• Work item: Give again only the lines from the line that holds "Dolce & Gabbana DG Sport T-shirt - White" to the end of the data, inclusive, omitting all pictures.

• Data:
════════
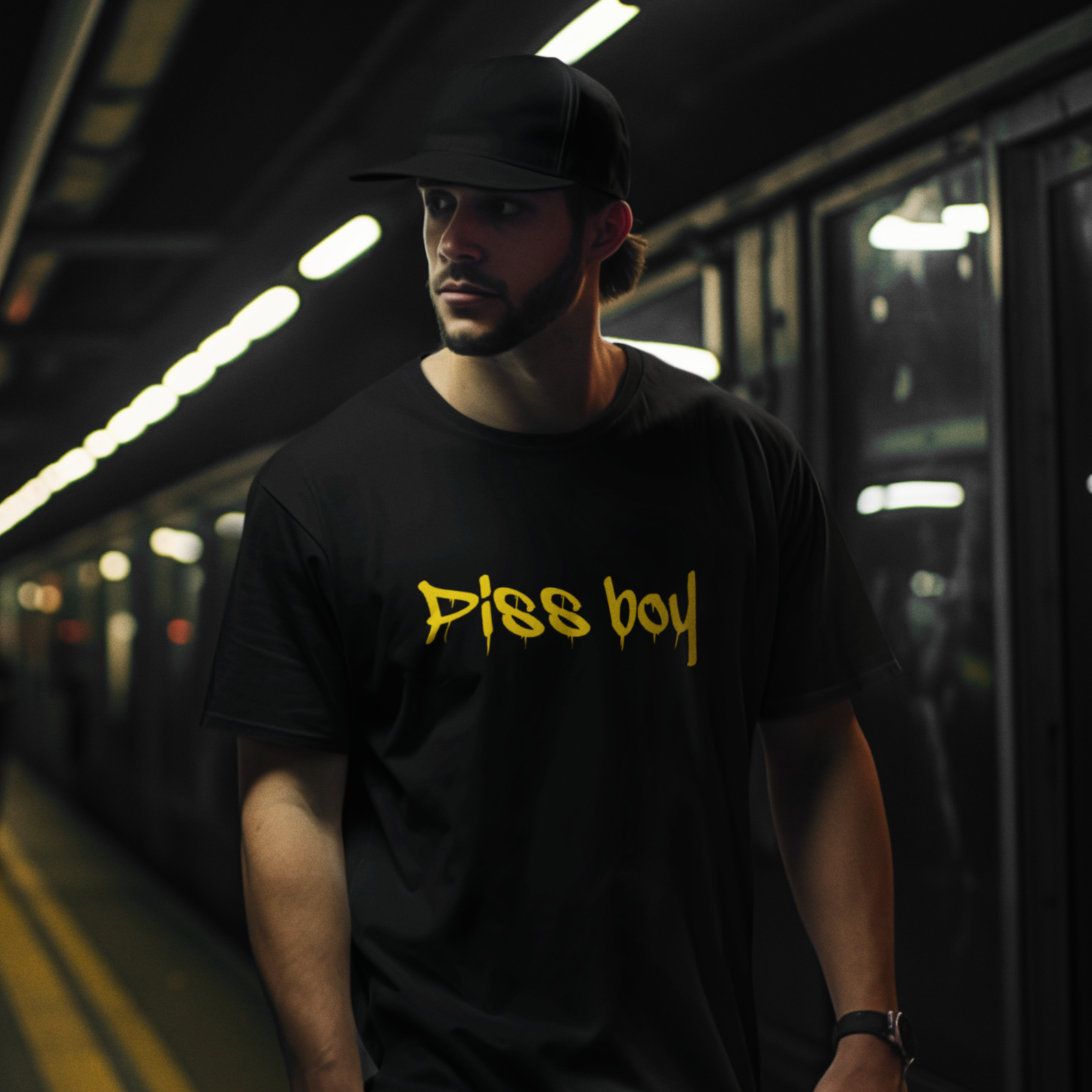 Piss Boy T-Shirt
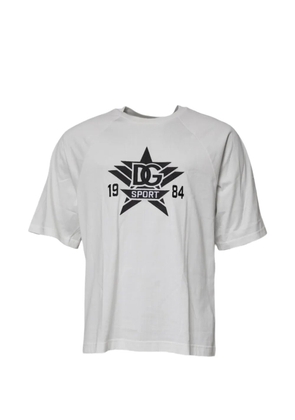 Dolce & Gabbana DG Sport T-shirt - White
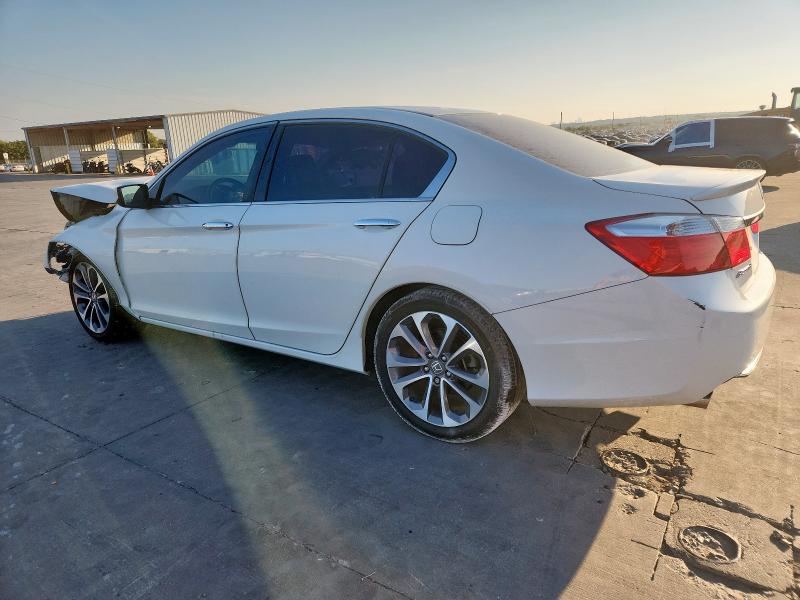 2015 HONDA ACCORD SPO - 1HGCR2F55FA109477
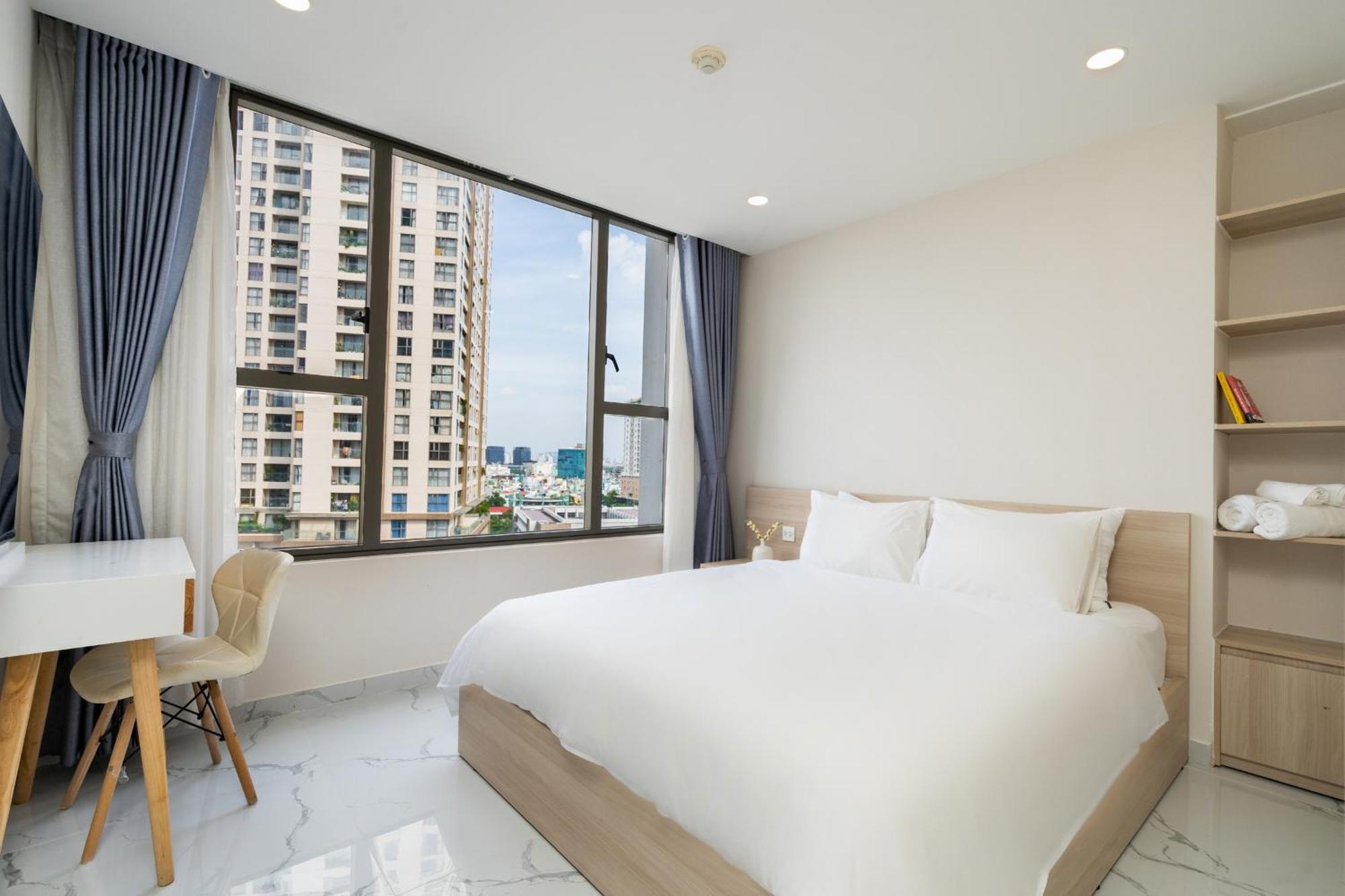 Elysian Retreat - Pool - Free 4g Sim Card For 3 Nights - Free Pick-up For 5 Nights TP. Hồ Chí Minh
════════
• Response:
 Dolce & Gabbana DG Sport T-shirt - White
 2015 HONDA ACCORD SPO - 1HGCR2F55FA109477
 Elysian Retreat - Pool - Free 4g Sim Card For 3 Nights - Free Pick-up For 5 Nights TP. Hồ Chí Minh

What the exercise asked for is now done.